I know that NJ is lifting quarantine restrictions as it enters Stage Two of reopening its economy. We’re getting back into the hum and drum of our lives before Coronavirus. Still, if you’re like me and have no summer plans, read the books. I highly recommend that everyone, especially this year’s high school graduates, take a look at these books and use them as you prepare for your next steps. I included some personal takeaways so that you can get a sneak peek and choose the ones most relevant to you.
The thing about these books: do not read them through and do nothing! Be quick to apply what you learn. You can very easily fall into the trap of feeling good about reading these books but not grabbing value from them. Honestly, you don’t have to read them at all if you really really don’t want to. They are so widely referenced that many blogs and YouTube videos, accessible with a quick Google search, already summarized them for you. That said, get the books for more examples and details, which will give you a better idea of how to apply what they teach.

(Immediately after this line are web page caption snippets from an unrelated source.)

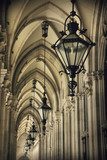 Perspectiva gótica entre arcos y luces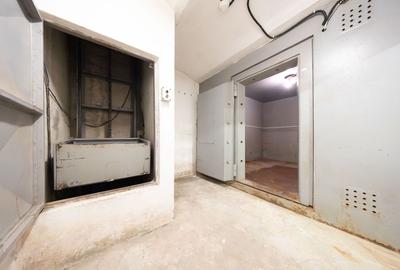 Spațiu comercial, de 612 mp, în 13 Decembrie - 17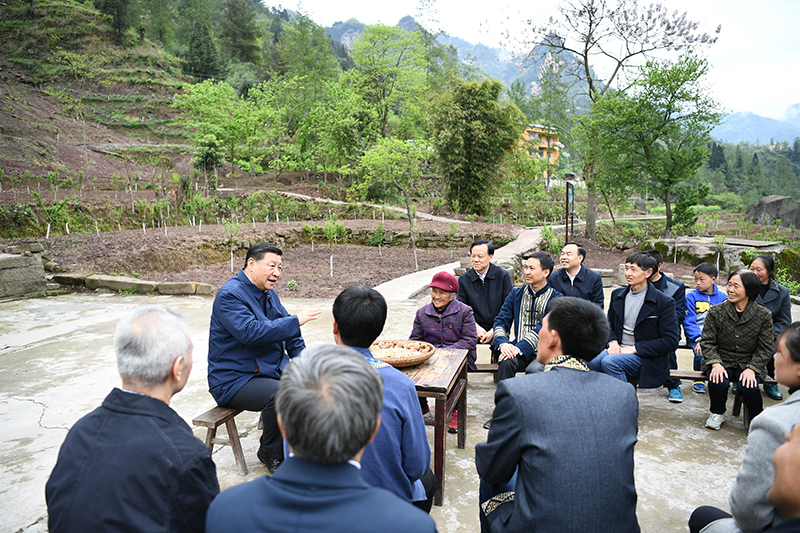 2019年4月15日，習(xí)近平總書記在重慶石柱土家族自治縣中益鄉(xiāng)華溪村同村民代表、基層干部、扶貧干部、鄉(xiāng)村醫(yī)生等圍坐在一起，共話脫貧攻堅(jiān)。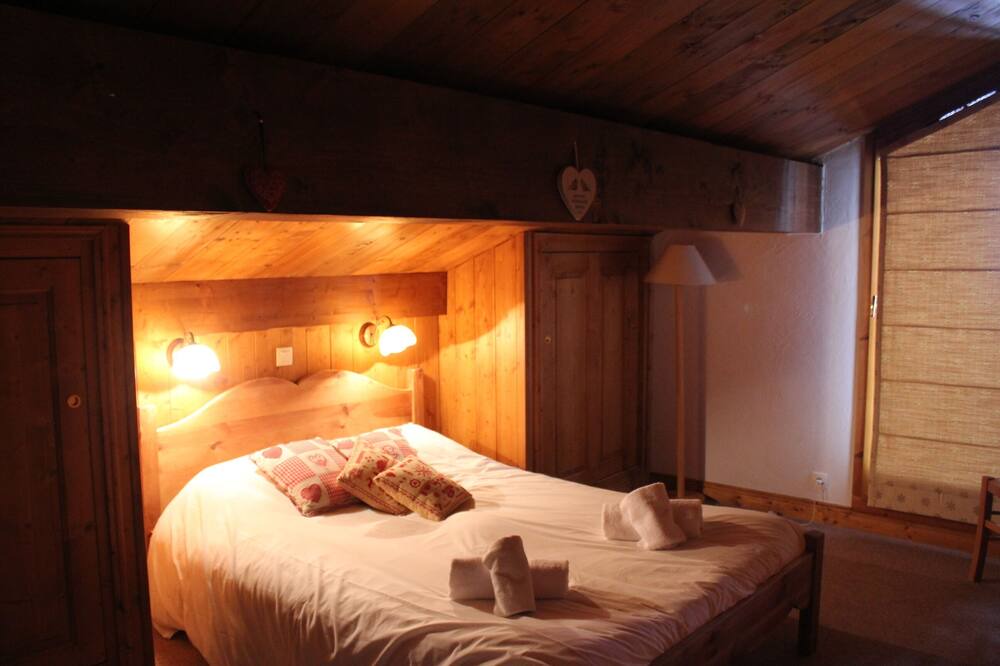 Photo of Bedroom in Arc-2000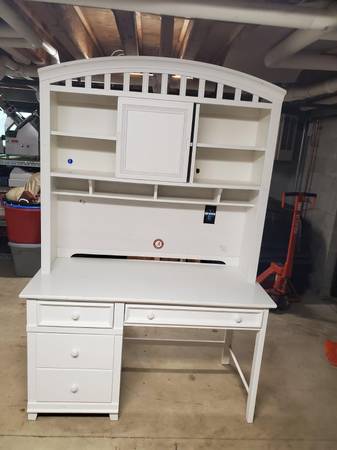 White Desk with Hutch 1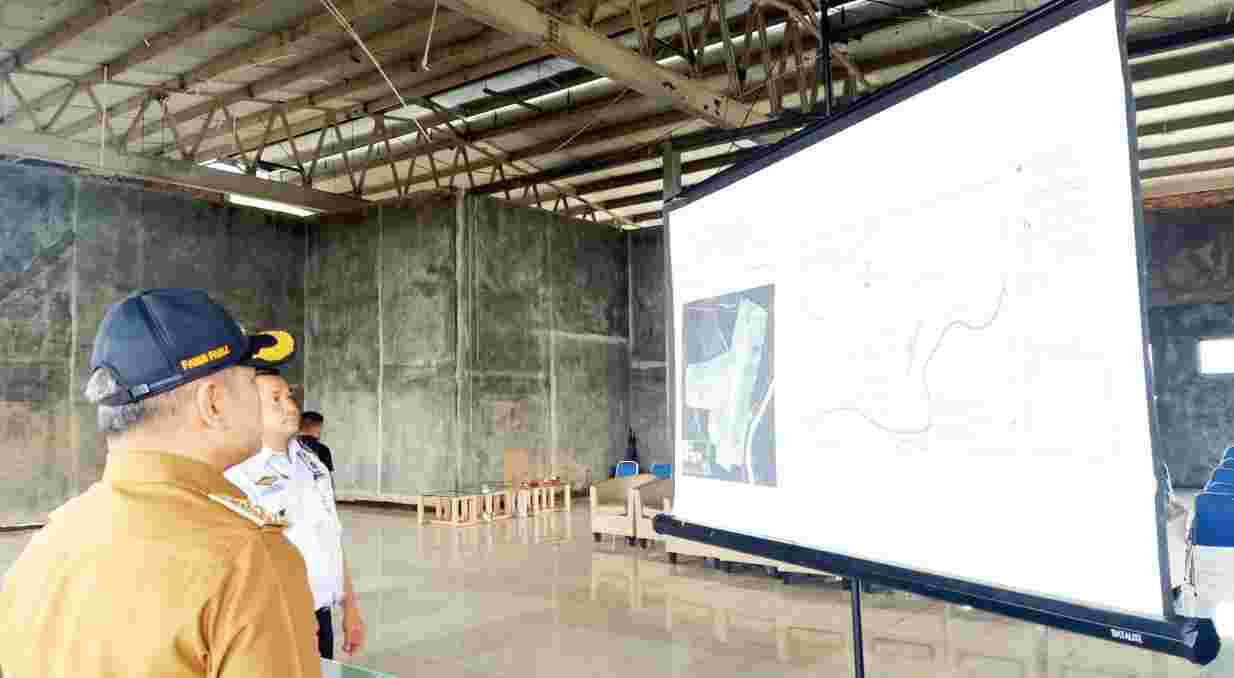 SERIUS:Bupati Kabupaten Paser dr Fahmi Fadli ketika mendengarkan paparan dari Dishub Paser terkait progres rencana pembangunan bandara di Desa Rantau Panjang, Kecamatan Tanah Grogot. &nbsp;(FOTO:ISTIMEWA)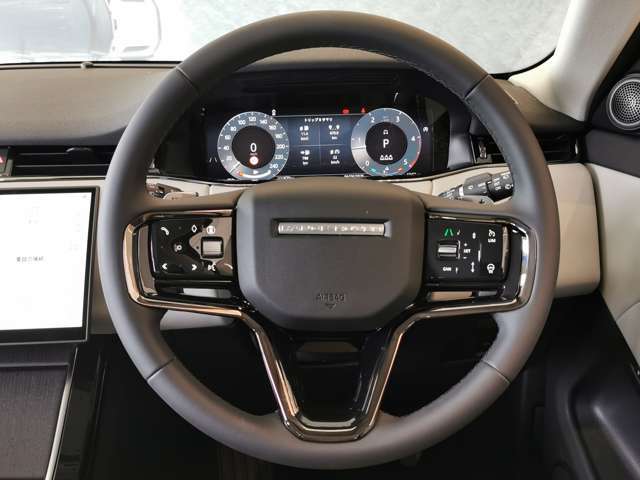 RANGEROVERのエレガントなステアリングはソフトレザーの握り心地の良いレザーを使用しています。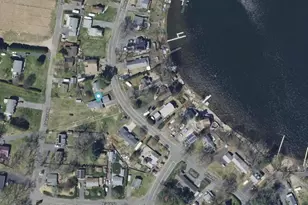 115 Berkshire Ave, Southwick, MA 01077 - Photo 2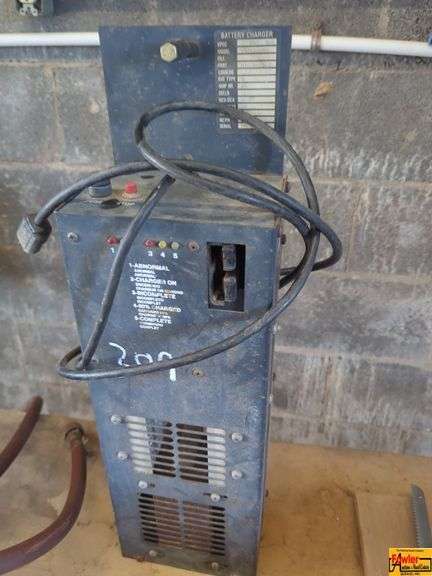 Industrial 24-Volt Forklift Charger image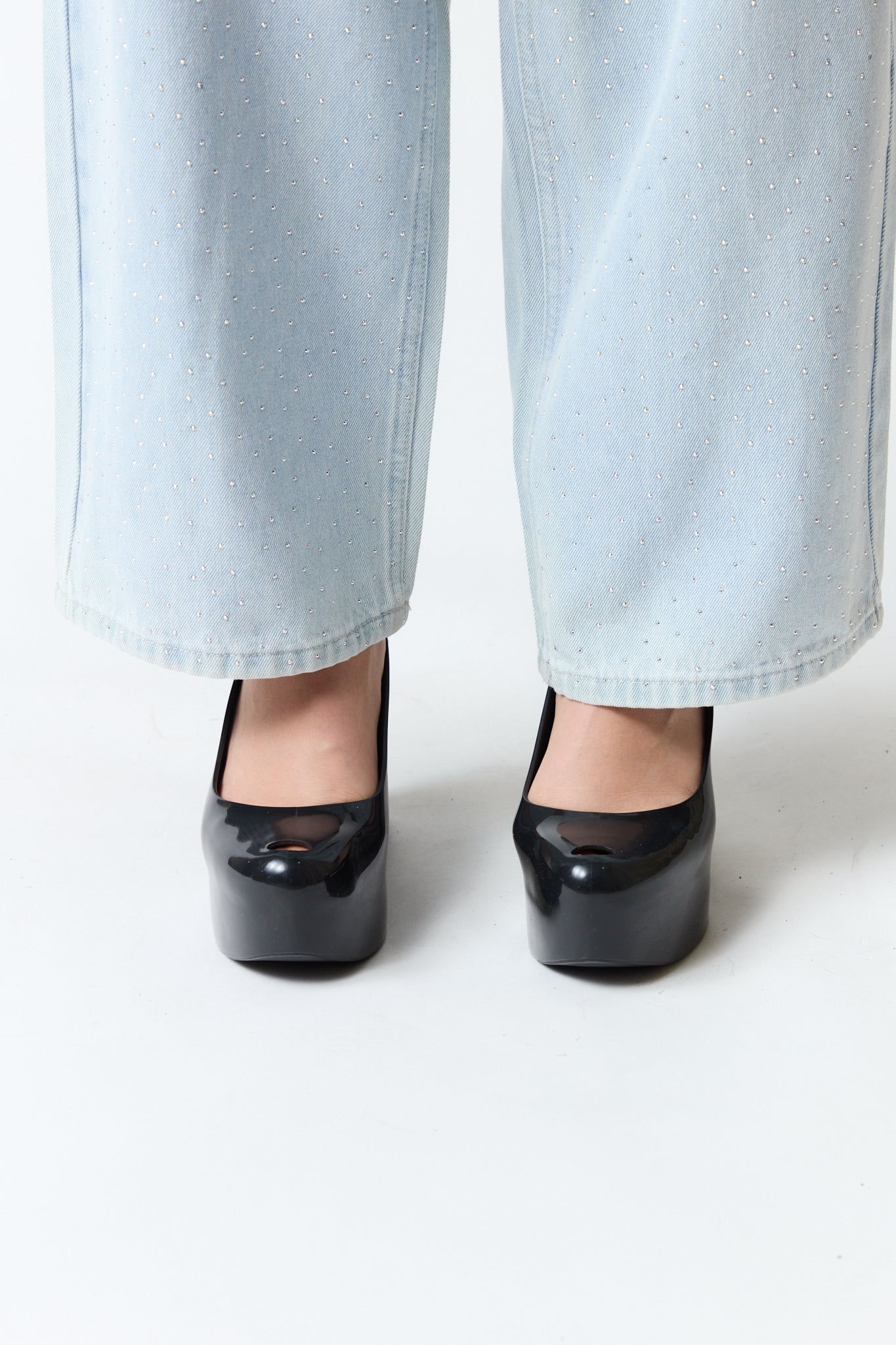 mujer vistiendo producto negro Melissa, estilo urbano en estudio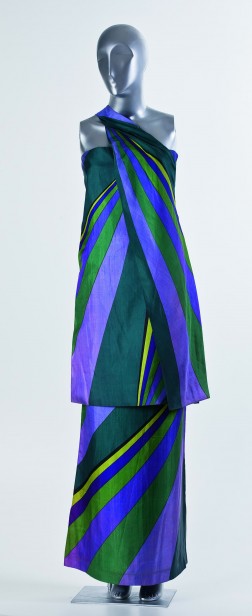 Vestido de noite, 1972(?) Estampa de Hercules Barsotti Shantung de nylon, 146 x 40 cm Coleção Masp Doação Rhodia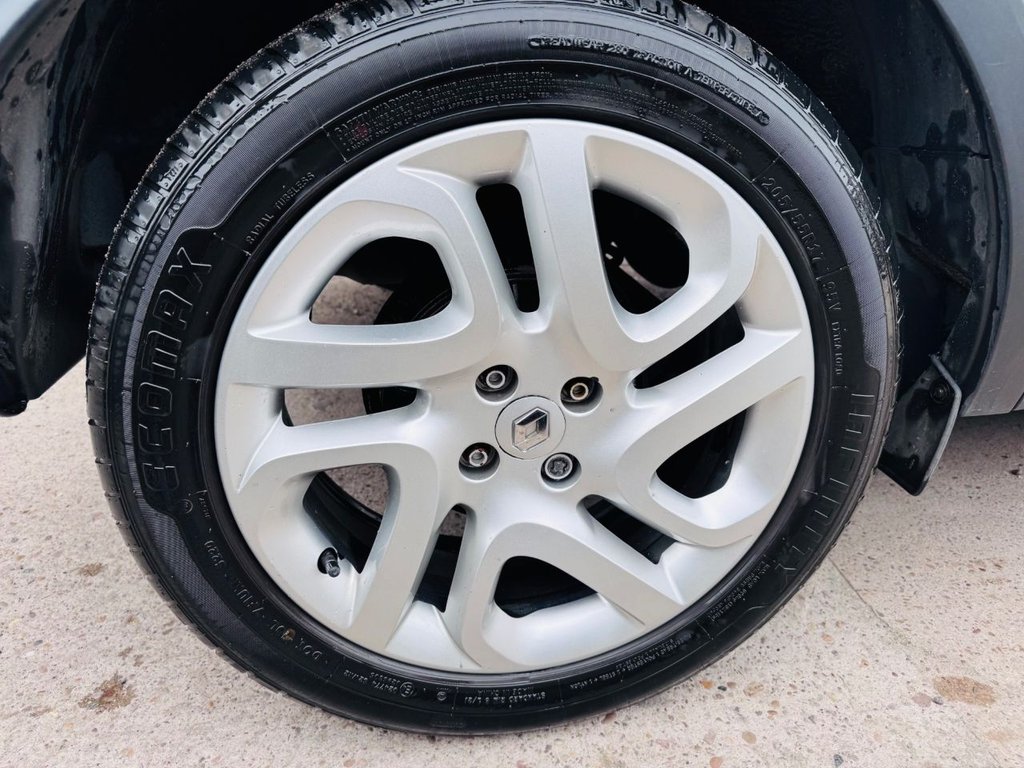 Used Renault Captur 2014 for sale - 78220803: Photo 24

1. Atomic Habits: An Easy and Proven Way to Build Good Habits and Break Bad Ones by James Clear
I say start with habits because they are fundamental to helping you achieve your desired outcomes. Habits run our lives. They are the automatic urges that shape the majority of our actions throughout the day. Clear’s book will give you four laws of habit building (and their inverses, for habit breaking) that will help you start designing your life. This book will get you running every day, reading a book a week, preparing more efficiently for exams, and more. The habits themselves can be anything, but Clear has codified the process for building/breaking them, and his tips work.
If you want to learn more about the theory behind habits, check out The Power of Habit: Why We Do What We Do in Life and Business by Charles Duhigg.
2. Make It Stick: The Science of Successful Learning by Peter C. Brown, Henry L. Roediger III, and Mark A. McDaniel.
You will learn how to learn effectively by actively through self-quizzing, interleaving, and spacing. You’ll also learn how not to learn. Arguably an essential book for students, but it also applies to areas outside academics, like athletics and cooking.
3. The Motivation Hacker by Nick Winter
You will get ideas about how to set goals and how to summon incredible amounts of motivation to achieve those goals. Winter lays it out like this: Motivation = (Expectancy x Value) / (Impulsiveness x Delay). Expectancy is the confidence of one’s ability to accomplish a goal. Value is the reward of a goal during and after you complete it. Impulsiveness is the number of distractions you have and your susceptibility to being distracted. Delay is the amount of time you have to wait before you can reap the rewards of a goal. He recommends different strategies that will allow you to raise expectancy or value, or lower impulsiveness or delay. This book shares some ideas with Clear’s but packages them differently.
4. Deep Work by Cal Newport
Newport makes a case for deep work, or “Professional activities performed in a state of distraction-free concentration that push your cognitive capabilities to their limit. These efforts create new value, improve your skill, and are hard to replicate.” Being able to enter states of deep work, full one-hour to four-hour sessions of deep concentration on one task, is a skill that is becoming increasingly rare while at the same time becoming increasingly valuable in the economy. Newport gives tips for developing this skill, like getting off all social media that are not directly useful. He also guides you through the process of ritualizing deep work sessions, recommending strategies that some of the books above echo. Developing the level of focus and efficiency outlined in this book is hugely beneficial for everybody, no matter what you are doing after high school.